[[ SUPPLIED MATERIAL, beginning ]]
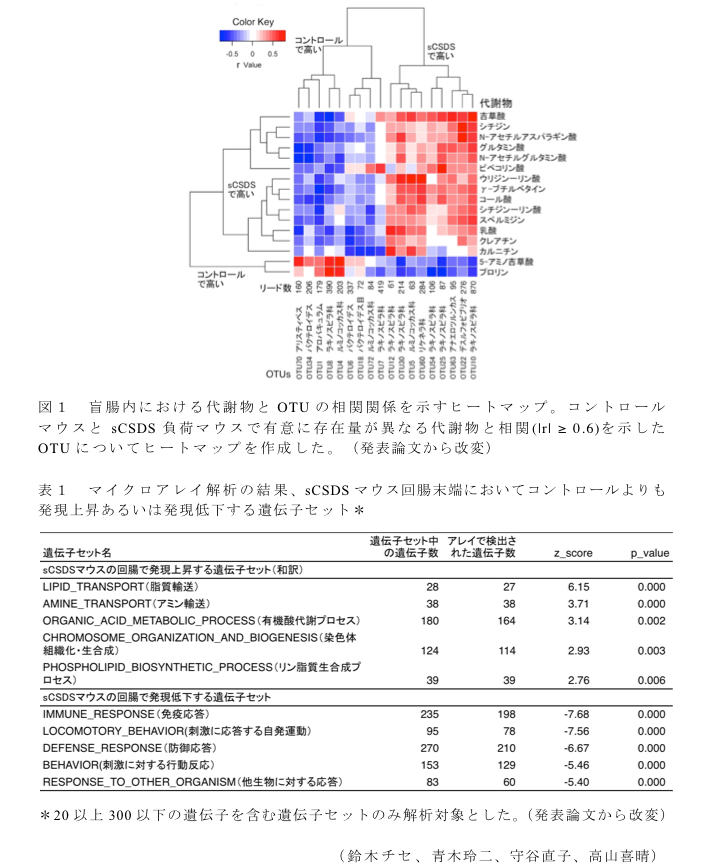 図1 盲腸内における代謝物とOTUの相関関係を示すヒートマップ?表1 マイクロアレイ解析の結果、sCSDSマウス回腸末端においてコントロールよりも発現上昇あるいは発現低下する遺伝子セット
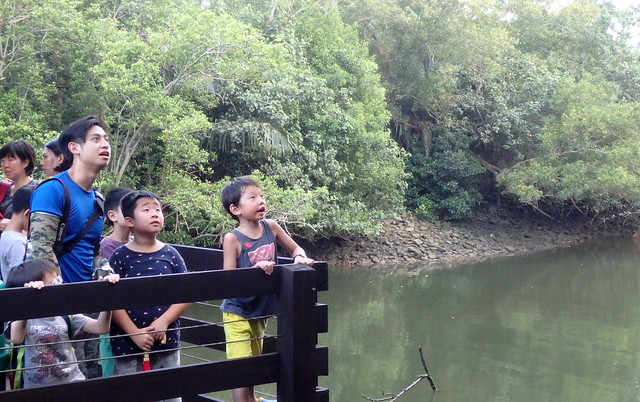 Pasir Ris Mangrove boardwalk tour with the Naked Hermit Crabs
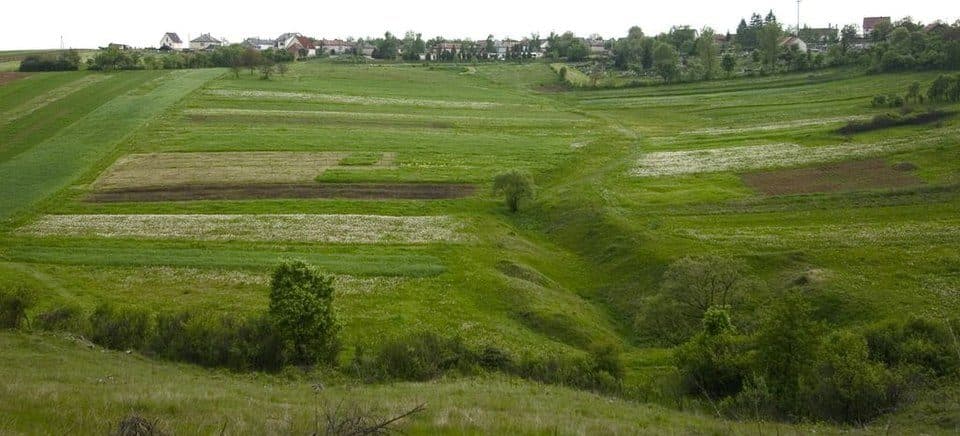 Jaskinia Baradla — zdjęcie 2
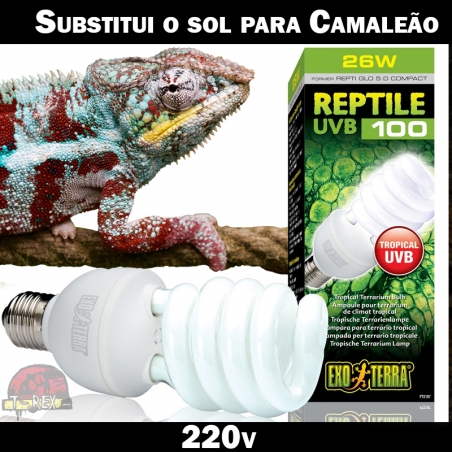 Lâmpada para Répteis Camaleão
[[ SUPPLIED MATERIAL, end ]]
▶ **TO DO**
In your answer, give every line of the listing above exactly, and do not include the images.

▶ **ANSWER BOX**
 図1 盲腸内における代謝物とOTUの相関関係を示すヒートマップ?表1 マイクロアレイ解析の結果、sCSDSマウス回腸末端においてコントロールよりも発現上昇あるいは発現低下する遺伝子セット
 Pasir Ris Mangrove boardwalk tour with the Naked Hermit Crabs
 Jaskinia Baradla — zdjęcie 2
 Lâmpada para Répteis Camaleão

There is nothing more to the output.